For all cases of remote site failover, you need additional servers and storage capable of running all or part of the users’ load for the service installed and configured at the remote site. By all or part, this means that some customers might have priority users and non-priority users. Such a situation exists for both ISPs and enterprises. ISPs might have premium subscribers, who pay more for this feature. Enterprises might have divisions that provide email to all of their employees but deem this level of support too expensive for some portion of those users. For example, an enterprise might choose to have remote site failover for mail for those users that are directly involved in customer support but not provide remote site failover for people who work the manufacturing line. Thus, the remote hardware must be capable of handling the load of the users that are allowed to access remote failover mail servers.

While restricting the usage to only a portion of the user base reduces the amount of redundant server and storage hardware needed, it also complicates configuration and management of fail back. Such a policy can also have other unexpected impacts on users in the long term. For instance, if a domain mail router disappears for 48 hours, the other MTA routers on the Internet will hold the mail destined for that domain. At some point, the mail will be delivered (hopefully without experiencing DoS failures) when the server comes back online. Further, if you do not configure all users in a failover remote site, then the MTA will be up and give permanent failures (bounces) for the users not configured. Lastly, if you configure mail for all users to be accepted, then you have to fail back all users or set up the MTA router to hold mail for the nonfunctional accounts while the failover is active and stream it back out once a failback has occurred.

Simple, less expensive scenario. The remote site is not connected by large network bandwidth. Sufficient hardware is setup but not necessarily running. In fact, it might be used for some other purpose in the meantime. Backups from the primary site are shipped regularly to the remote site, but not necessarily restored. The expectation is that there will be some significant data loss and possibly a significant delay in getting old data back online. In the event of a failure at the primary site, the network change is manually started; services are started, followed by beginning the imrestore process; and the file system restore is started following which services are brought up.

More complicated, more expensive solution. Both Veritas and Sun sell software solutions that cause all writes occurring on local (primary) volumes to also be written to remote sites. In normal production, the remote site is in lock step or near lock step with the primary site. Upon primary site failure, the secondary site can reset the network configurations and bring up services with very little to no data loss. In this scenario, there is no reason to do restores from tape. Any data that does not make the transition prior to the primary failure is lost, at least until failback or manual intervention occurs in the case of the MTA queued data. Veritas Site HA software is often used to detect the primary failure and reset the network and service bring up, but this is not required to get the higher level of data preservation.This solution requires a significant increase in the quantity of hardware at the primary site as there is a substantial impact in workload and latency on the servers to run the data copy.

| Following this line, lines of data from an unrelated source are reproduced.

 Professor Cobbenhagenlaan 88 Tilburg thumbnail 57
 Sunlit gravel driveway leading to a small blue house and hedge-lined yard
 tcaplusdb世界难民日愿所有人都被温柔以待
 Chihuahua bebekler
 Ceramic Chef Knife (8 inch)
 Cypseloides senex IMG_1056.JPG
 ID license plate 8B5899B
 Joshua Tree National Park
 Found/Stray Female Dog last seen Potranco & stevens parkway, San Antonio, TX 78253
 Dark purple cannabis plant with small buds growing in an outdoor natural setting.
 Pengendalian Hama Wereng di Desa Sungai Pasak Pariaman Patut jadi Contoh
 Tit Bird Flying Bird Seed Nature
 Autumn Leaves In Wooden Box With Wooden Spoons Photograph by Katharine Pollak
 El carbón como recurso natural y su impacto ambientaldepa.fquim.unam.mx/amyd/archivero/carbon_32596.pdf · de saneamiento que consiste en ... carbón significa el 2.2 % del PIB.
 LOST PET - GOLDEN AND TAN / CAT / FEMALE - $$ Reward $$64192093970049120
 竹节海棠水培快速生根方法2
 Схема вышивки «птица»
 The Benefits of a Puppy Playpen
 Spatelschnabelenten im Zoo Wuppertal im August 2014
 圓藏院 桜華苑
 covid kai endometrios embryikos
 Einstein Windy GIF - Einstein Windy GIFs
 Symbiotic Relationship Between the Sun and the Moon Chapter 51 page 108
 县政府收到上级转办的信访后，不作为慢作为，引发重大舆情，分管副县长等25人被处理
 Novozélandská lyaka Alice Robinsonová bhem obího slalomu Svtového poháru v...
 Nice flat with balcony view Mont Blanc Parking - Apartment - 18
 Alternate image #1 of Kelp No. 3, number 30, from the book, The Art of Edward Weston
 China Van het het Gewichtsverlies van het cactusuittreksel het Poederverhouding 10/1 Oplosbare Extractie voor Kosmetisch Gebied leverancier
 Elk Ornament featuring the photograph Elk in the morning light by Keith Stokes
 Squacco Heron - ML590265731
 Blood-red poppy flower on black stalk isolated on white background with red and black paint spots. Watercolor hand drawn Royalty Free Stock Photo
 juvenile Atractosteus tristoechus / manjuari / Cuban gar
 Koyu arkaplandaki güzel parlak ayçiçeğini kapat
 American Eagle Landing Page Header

Most available solution. This solution is essentially the same as the software real time data copy solution except the data copy is not happening on the Message Store server. Instead, a Hitachi Data Systems (HDS) array performs this function. Hitachi arrays have the ability to do this data copy between arrays with little to no impact on the store servers. The HDS arrays are large, so the base cost of obtaining this solution is higher than a few Sun StorEdge™ T3 or 3000 arrays. Also, the cost per megabyte is higher even if the HDS is fully utilized. If you need a large quantity of storage, the savings in server hardware due to allowing the HDS do the copy work can balance the additional cost of the storage, at least to some degree.

There are a variety of costs to these solutions, from hardware and software, to administrative, power, heat, and networking costs. These are all fairly straightforward to account for and put a number on. Nevertheless, it is difficult to account for some costs: the cost of mistakes when putting a rarely practiced set of procedures in place, the inherent cost of downtime, the cost of data loss, and so forth. There are no fixed answers to these types of costs. For some customers, downtime and data loss are extremely expensive or totally unacceptable. For others, it is probably no more than an annoyance.

In doing remote site failover, you also need to ensure that the remote directory is at least as up to date as the messaging data you are planning to recover. If you are using a restore method for the remote site, the directory restore needs to be completed before beginning the message restore. Also, it is imperative that when users are removed from the system that they are only tagged as disabled in the directory. Do not remove users from the directory for at least as long as the messaging backup tapes that will be used might contain that user’s data.

Questions for Remote Site Failover

What level of responsiveness does your site need?

For some organizations, it is sufficient to use a scripted set of manual procedures in the event of a primary site failure. Others need the remote site to be active in rather short periods of time (minutes). For these organizations, the need for Veritas remote site failover software or some equivalent is overriding.



Note	Do not use both Sun Cluster for local HA and Veritas software for remote site failover. Sun Cluster does not support remote site failover at this time. Also, do not allow the software to automatically failover from the primary site to the backup site. The possibility for false positive detection of failure of the primary site from the secondary site is too high. Instead, configure the software to monitor the primary site and alert you when it detects a failure. Then, confirm that the failure has happened before beginning the automated process of failing over to the backup site.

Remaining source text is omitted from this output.